The government of India introduced measures for the ease of FDI in the country. Some of the highlights were removal of ceiling of 40% foreign equity under FERA, introduction of the dual approval systems for FDI proposals (through an automatic approval channel for FDI in 35 priority sectors by RBI up to equity participation 51% and through formal government of India channel via FIPB/SIA). Also, existing companies could hike their foreign equity up to 51% in priority sector. The sector which attracted higher inflows was services.

India’s IT boom started in the mid-1990s after the liberalization of the Indian economy in 1991 which enabled the foreign IT companies to outsource their work to India and it in turn provided many young Indians with well-paid opportunities.

The creation of corporation called Software Technology Parks of India (STPI) provided satellite links to major IT developers which in turn enabled them to transmit the work done in India directly abroad. Companies like Oracle, GE Capital International Services, Microsoft Corp, Motorola Inc, IBM and SAP established development centres, R&D centres and software development centres.

1992-1993: Indian mining sector was opened to foreign direct investment.

1993-1994: Permission was granted to foreign investors and NRI investors to repatriate their profits and capital.

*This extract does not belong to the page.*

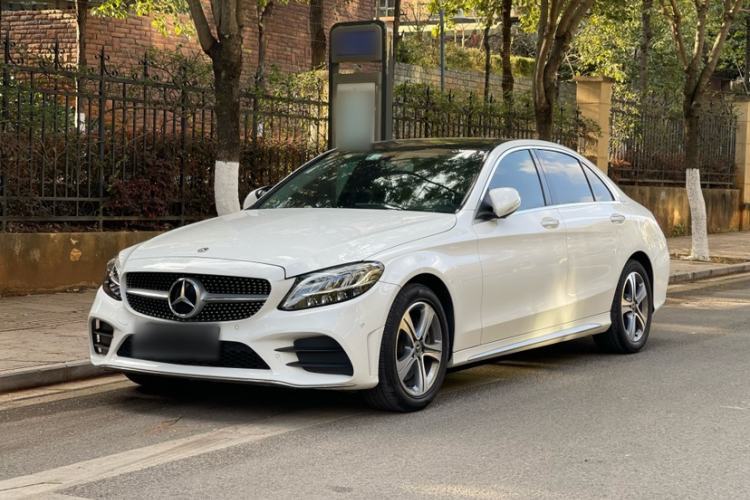 Used Mercedes-Benz C-Class 2020 C 260 L Sport Edition Guazi used car, China used car export, Used car for sale, Used Mercedes-Benz cars, Cheapest cars for sale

1996-1997: The upper limit for foreign equity participation under automatic approval was raised from 51% to 74% of the equity capital in select industries.  The list of industries open for automatic approval was also expanded. NRIs and OCBs (Overseas Corporate Bodies) were given automatic approval for equity in priority industries. FDI in cash and carry (wholesale) with 100% rights was allowed under the government approval route.

The first wave which contributed to the ecommerce boom now started. B2B online portals and online matrimonial and job portals were launched. The liberalization of the country’s international trade policies was the key factor that accelerated the growth of B2B online portals. The first wave of E-Commerce in India was characterized by low internet penetration, a small online shopping user base, slow internet speed, low consumer acceptance of online shopping and inadequate logistics infrastructure.

1998: Simplified procedures for automatic FDI approvals were announced by Reserve Bank of India. This in turn implied that there is no need for Indian companies to acquire prior clearance from the Reserve Bank of India for inward remittance of foreign exchange or for the issuance of shares to foreign investors.

1999: As the Indian government simplified the FDI rules, the entry of foreign brands into India became easier and more hassle free. The Dubai based Landmark group forayed into India with the Lifestyle department stores and later expanded to include Max and Home Centre. Its stores drew in the crowds, especially those from the higher income bracket and gave Lifestyle, a premium positioning.

2000s: As the 2000s approached, fear of the Y2K bug made the US corporations outsource all the equipment and upgrading work to Indians. As a result, the modification of all the codes and software, which were initially designed till a date of 1999 was to be edited and huge work was outsourced to the Indian IT industries. Accenture, Yahoo Inc, Dell, Google and Cisco opened their technology development centres, R&D centres, globalization centres. Certain companies like IBM and SAP further invested in the country.